Tilting and musing at windmills
Driving through town the other day with the kids, I spotted a wind turbine spinning far faster than I would have expected. It hadn’t felt particularly breezy when I’d picked them up on the school playground a few minutes earlier. Nor did I see any tree branches swaying.
“That windmill’s spinning really fast,” I commented idly. “I didn’t think it was that windy out.”
“Maybe it’s windy to the windmill,” my daughter Audrey replied from the backseat.

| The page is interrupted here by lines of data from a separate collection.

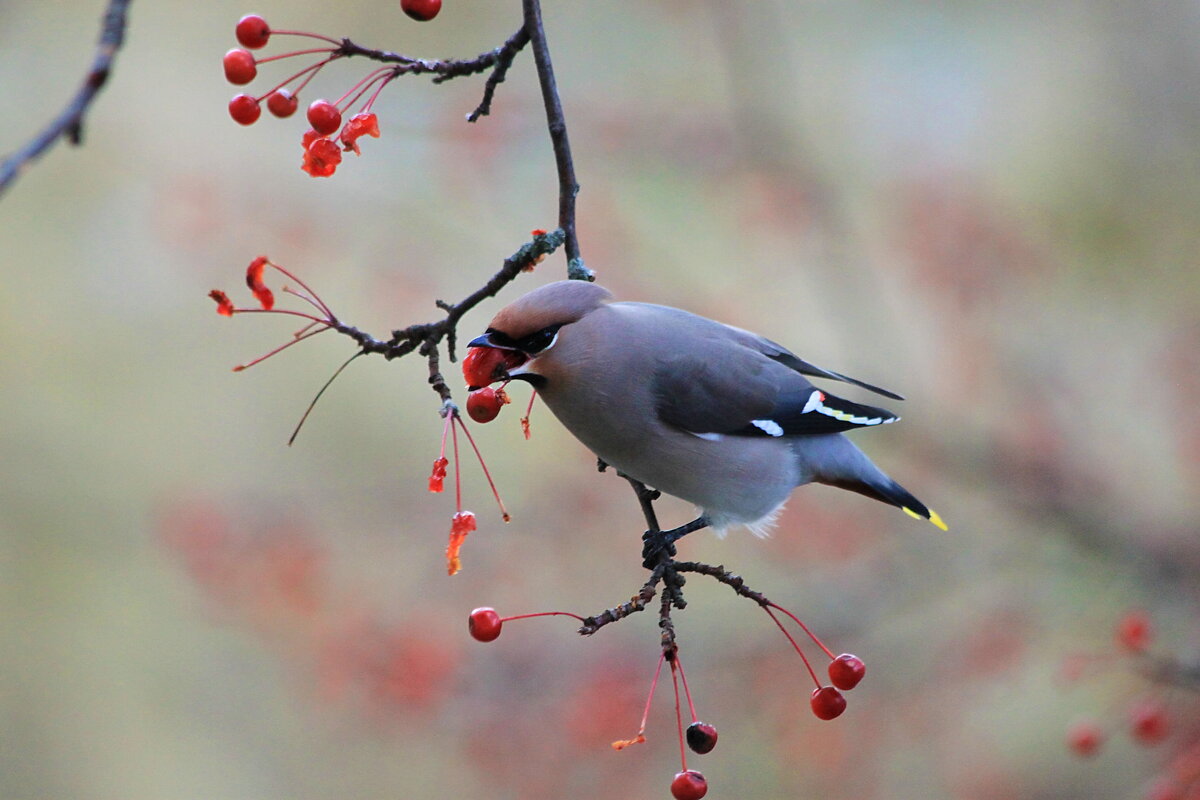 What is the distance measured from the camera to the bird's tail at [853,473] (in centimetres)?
329

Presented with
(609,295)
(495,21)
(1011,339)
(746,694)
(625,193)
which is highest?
(495,21)

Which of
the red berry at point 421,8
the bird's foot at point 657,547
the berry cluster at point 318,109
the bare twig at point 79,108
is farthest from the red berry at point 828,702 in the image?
the bare twig at point 79,108

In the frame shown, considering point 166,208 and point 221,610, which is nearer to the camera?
point 221,610

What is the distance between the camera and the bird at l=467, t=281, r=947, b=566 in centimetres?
266

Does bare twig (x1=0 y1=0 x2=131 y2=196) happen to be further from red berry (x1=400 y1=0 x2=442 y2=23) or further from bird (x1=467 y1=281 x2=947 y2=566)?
bird (x1=467 y1=281 x2=947 y2=566)

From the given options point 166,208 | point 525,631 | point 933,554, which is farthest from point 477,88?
point 933,554

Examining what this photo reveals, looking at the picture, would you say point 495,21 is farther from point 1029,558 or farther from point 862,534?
point 1029,558

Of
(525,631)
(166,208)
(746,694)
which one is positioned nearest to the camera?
(746,694)

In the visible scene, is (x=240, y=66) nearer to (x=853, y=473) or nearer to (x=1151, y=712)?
(x=853, y=473)

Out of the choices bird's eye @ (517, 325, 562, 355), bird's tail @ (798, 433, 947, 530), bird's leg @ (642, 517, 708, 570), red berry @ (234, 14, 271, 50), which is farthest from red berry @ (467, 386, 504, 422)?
bird's tail @ (798, 433, 947, 530)

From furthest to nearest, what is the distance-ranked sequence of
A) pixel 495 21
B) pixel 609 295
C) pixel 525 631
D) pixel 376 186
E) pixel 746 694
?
pixel 495 21 < pixel 376 186 < pixel 525 631 < pixel 746 694 < pixel 609 295

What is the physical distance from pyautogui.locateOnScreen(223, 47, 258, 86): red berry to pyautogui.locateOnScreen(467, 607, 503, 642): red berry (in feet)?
3.71

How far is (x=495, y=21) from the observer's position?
7.73 m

Sounds silly. But upon reflection, it was downright profound. First, the conditions 100 feet atop the turbine tower were undoubtedly different from the ground on which I judged them. So was the material subject to the force of the wind– the sleek curved propeller blades vs. my distinctly unaerodynamic body.
If I walk it back even further, my own initial comment really wasn’t idle, either. I said it deliberately, hoping to engage my son Owen, who dwells so much in separate worlds – movies he’s seen, books he’s read, memories of former physical places like his old daycare – in the present moment.

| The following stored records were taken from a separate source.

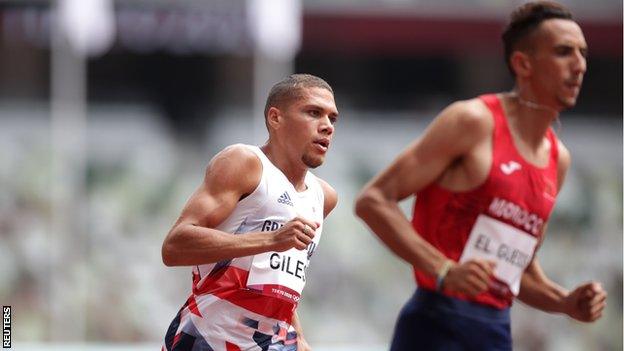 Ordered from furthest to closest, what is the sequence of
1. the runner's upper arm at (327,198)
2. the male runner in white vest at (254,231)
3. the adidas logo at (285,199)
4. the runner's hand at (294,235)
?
the runner's upper arm at (327,198) → the adidas logo at (285,199) → the male runner in white vest at (254,231) → the runner's hand at (294,235)

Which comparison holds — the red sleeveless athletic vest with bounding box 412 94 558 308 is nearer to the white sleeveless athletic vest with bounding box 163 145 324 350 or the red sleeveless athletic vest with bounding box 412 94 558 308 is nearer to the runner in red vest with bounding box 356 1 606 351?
the runner in red vest with bounding box 356 1 606 351

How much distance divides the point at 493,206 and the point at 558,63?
719mm

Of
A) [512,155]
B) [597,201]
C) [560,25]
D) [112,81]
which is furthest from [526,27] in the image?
[112,81]

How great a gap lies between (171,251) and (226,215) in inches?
10.8

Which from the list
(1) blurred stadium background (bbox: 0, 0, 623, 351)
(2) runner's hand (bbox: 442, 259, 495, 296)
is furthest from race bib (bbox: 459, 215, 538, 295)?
(1) blurred stadium background (bbox: 0, 0, 623, 351)

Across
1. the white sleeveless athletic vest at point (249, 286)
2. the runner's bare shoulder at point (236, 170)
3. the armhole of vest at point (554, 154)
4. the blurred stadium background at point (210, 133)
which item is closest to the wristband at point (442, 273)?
the white sleeveless athletic vest at point (249, 286)

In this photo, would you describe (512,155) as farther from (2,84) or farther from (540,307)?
(2,84)

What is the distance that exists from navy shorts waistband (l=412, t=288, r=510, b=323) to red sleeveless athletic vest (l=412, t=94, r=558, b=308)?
23mm

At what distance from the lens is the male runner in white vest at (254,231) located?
4949mm

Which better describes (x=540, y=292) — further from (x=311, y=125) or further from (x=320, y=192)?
(x=311, y=125)

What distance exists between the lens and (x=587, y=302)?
5789mm

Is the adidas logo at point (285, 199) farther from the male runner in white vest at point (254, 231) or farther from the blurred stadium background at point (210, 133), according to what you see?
the blurred stadium background at point (210, 133)

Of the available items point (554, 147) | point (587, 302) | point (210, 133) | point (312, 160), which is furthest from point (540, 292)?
point (210, 133)

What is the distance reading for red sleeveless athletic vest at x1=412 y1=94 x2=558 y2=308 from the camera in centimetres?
559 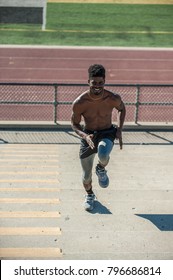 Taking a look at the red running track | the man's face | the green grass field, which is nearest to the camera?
the man's face

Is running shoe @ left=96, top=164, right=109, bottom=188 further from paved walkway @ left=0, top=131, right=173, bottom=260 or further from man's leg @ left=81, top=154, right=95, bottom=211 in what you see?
paved walkway @ left=0, top=131, right=173, bottom=260

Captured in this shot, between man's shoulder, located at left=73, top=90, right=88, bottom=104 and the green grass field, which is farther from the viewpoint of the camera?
the green grass field

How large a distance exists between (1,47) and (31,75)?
486 centimetres

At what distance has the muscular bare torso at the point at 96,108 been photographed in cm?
646

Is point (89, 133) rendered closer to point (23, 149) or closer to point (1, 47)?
point (23, 149)

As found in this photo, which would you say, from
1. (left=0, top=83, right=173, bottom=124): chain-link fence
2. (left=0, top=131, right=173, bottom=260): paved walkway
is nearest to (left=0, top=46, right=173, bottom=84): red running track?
(left=0, top=83, right=173, bottom=124): chain-link fence

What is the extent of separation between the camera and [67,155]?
9.57m

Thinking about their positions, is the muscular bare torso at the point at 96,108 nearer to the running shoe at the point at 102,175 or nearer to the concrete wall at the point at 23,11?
the running shoe at the point at 102,175

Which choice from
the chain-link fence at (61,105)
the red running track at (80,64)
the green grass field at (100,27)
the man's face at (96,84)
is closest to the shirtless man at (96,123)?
the man's face at (96,84)

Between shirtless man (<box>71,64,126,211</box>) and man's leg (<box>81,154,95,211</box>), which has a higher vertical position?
shirtless man (<box>71,64,126,211</box>)

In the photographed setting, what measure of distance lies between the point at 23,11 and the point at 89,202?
89.9 feet

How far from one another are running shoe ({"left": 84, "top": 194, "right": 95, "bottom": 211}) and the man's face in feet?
5.12

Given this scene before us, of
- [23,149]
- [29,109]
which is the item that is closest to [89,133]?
[23,149]

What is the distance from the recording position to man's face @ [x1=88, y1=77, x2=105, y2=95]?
19.9 ft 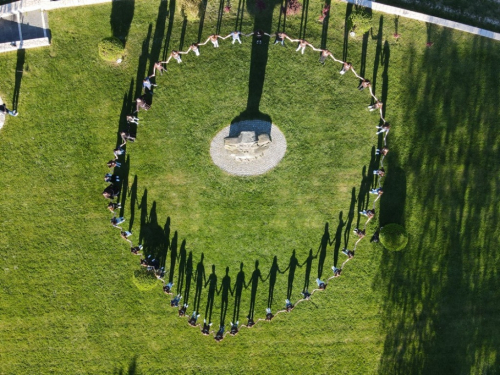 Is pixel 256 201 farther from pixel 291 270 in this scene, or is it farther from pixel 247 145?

It didn’t work. Audrey replied, not Owen. And as I reflected on the moment more, it struck me as a perfect metaphor for why so many contemporary problems feel hopeless and unsolveable. Exhibit A would be the national uproar over race provoked by the failures to indict in the Michael Brown and Eric Garner killings. Exhibit B, on my community level, is the bitterness surrounding a proposal to turn a warehouse near a residential neighborhood into a seasonal homeless shelter.
In both situations, just like I did with the windmill, we tend to speak first. What we say is often woefully underinformed with appreciation — not just consideration, but appreciation, which connotes value – for conditions as others might see them.

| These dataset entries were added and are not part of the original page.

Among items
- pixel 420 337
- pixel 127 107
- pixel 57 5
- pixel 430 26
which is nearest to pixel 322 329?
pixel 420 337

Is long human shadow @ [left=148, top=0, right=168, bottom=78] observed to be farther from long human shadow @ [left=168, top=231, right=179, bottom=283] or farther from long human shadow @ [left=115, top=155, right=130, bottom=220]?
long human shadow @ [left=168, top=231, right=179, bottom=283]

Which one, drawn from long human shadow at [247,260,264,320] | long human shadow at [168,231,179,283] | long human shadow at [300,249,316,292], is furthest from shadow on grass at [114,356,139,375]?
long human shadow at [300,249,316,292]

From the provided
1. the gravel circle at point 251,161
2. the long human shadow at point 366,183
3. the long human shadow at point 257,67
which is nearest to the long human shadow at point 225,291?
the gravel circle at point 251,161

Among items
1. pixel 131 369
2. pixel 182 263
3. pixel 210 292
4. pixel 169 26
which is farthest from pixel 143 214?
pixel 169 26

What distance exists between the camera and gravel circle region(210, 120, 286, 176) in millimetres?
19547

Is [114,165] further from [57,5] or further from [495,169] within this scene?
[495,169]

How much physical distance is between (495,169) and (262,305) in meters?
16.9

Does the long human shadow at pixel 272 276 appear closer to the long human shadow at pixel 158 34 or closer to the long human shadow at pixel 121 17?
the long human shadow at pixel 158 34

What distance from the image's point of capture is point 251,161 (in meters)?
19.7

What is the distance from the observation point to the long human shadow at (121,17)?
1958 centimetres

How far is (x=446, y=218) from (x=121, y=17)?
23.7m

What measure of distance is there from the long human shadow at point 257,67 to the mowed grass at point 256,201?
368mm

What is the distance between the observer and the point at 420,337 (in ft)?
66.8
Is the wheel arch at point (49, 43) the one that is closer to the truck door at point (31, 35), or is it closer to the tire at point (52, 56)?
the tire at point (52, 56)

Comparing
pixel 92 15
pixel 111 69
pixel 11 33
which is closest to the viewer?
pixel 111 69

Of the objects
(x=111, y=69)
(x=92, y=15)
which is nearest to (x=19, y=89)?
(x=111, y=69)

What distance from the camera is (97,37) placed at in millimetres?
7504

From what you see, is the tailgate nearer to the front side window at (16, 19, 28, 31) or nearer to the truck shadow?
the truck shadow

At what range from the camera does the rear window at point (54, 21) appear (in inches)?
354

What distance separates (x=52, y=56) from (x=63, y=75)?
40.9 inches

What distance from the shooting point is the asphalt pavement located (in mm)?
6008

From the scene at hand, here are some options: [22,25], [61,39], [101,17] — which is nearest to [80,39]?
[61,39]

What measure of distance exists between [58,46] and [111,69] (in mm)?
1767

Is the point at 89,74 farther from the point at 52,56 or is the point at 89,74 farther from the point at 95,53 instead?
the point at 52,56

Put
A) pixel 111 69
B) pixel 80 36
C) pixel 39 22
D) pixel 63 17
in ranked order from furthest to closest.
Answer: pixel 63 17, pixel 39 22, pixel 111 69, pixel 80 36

Even more potentially damning, we tend to speak with a particular goal in mind — mine was to elicit a response from Owen — rather than seeking to learn from or simply listen to the others in the conversation. As I discovered, that doesn’t work. Thus the “conversation” devolves into a non-conversation, dueling monologues instead of dialogues.
I don’t have an end to this blog post. That’s deliberate. If I’m to change my own habit of speaking with an end in mind, there’s no better place to start than here. So what do you think?